Il mare, nero, è segnato all’orizzonte da una riga ancora più nera. L’area archeologica di Siracusa chiude alle 15, si accelera il passo per non perdere il candore del teatro e il mistero dell’Orecchio di Dioniso.

La tappa Siracusa – Pantalica è lungo una bellissima ciclabile ricavata da un’ex ferrovia. Fino all’ultimo non c’è la certezza di trovarla aperta. All’ingresso, il custode si sincera che sulle biciclette ci siano le luci: le gallerie non sono illuminate.

Pantalica è una necropoli antichissima, poi città greca, poi bizantina, spiega con passione Paolo, guida e ristoratore, che serve vino Frappato “perché il Nero d’Avola lo conoscono tutti”. Il giorno si tornerebbe a Caltagirone per recuperare il furgone, ma Paolo spiega che la ciclabile continua, sempre sul percorso dell’ex trenino.
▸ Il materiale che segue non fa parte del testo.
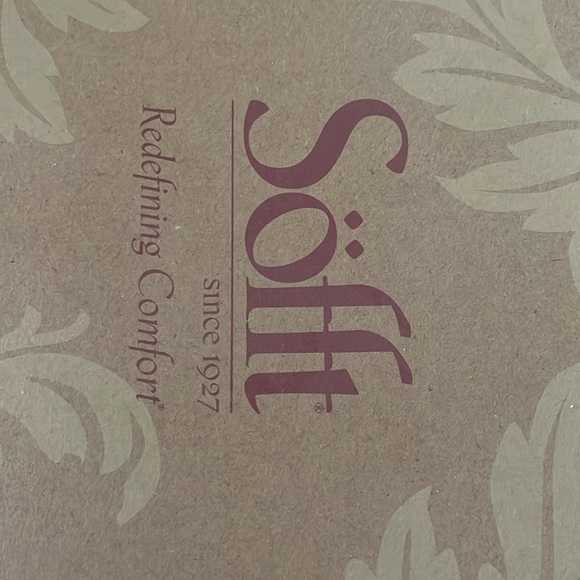 SOFFT brand snakeskins printed slip on mule. - Picture 6 of 7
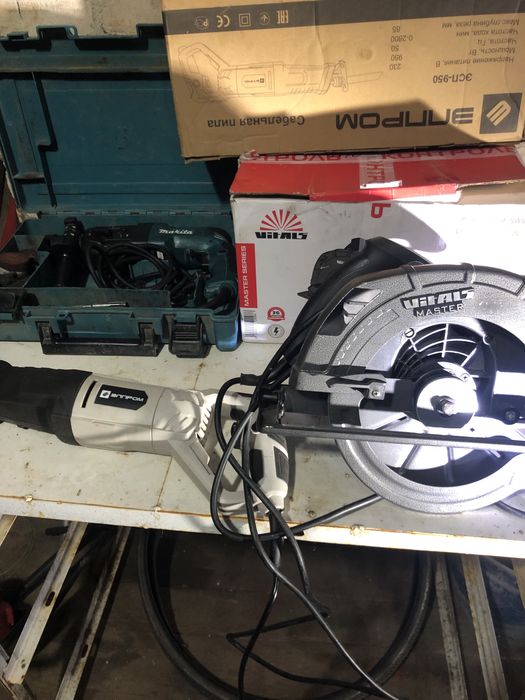 Продам електро інструмент ручна циркулярна пила сабельна пила та інше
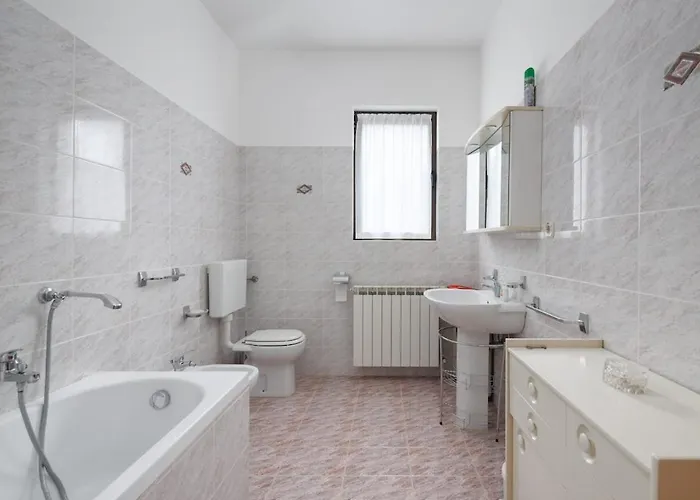 House For 12 People Close To The Sea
“Lo hanno dismesso dopo pochi anni – spiega – per la pendenza: andava così piano che i ragazzini facevano in tempo a scendere, rubare le arance e risalire!”. Offre un passaggio per il ritorno, non si può dire di no.

Un tratto di ciclabile selvaggio ma percorribile apre l’ultima giornata, poi la salita su strada, tra colline ricoperte di pale eoliche. Per le strade di Vizzini, una signora bionda si accosta al gruppo per raccontare della resa dei conti, in mezzo ai fichi d’India, tra Turiddu e Alfio.

La scena che conclude la Cavalleria Rusticana. Vizzini è il paese natale di Giovanni Verga, la signora bionda l’assessore alla cultura. L’ultimo metro è in una piazza triangolare. Sotto le gomme appare una rosa dei venti. Maestro, Libeccio, Scirocco, dicono le ceramiche decorate.

Note tecniche: 345 km in cinque tappe (percorse dal 28 dicembre al 3 gennaio), seguendo l’itinerario Caltagirone-Ragusa-Pozzallo-Noto-Siracusa-Pantalica-Vizzini. Dislivello medio. Ideale tra maggio e ottobre, quando le giornate sono più fresche sebbene più corte. Locali consigliati: Ostello Agorà, Catania, per visitare la grotta dell’Amenano; Ristorante Il locandiere, Caltagirone, per le ottime sperimentazioni con ingredienti tradizionali; Enoteca Solaria, Siracusa; Agriturismo Porta Pantalica, Cassaro (Siracusa) per la grande passione dei gestori per il proprio territorio.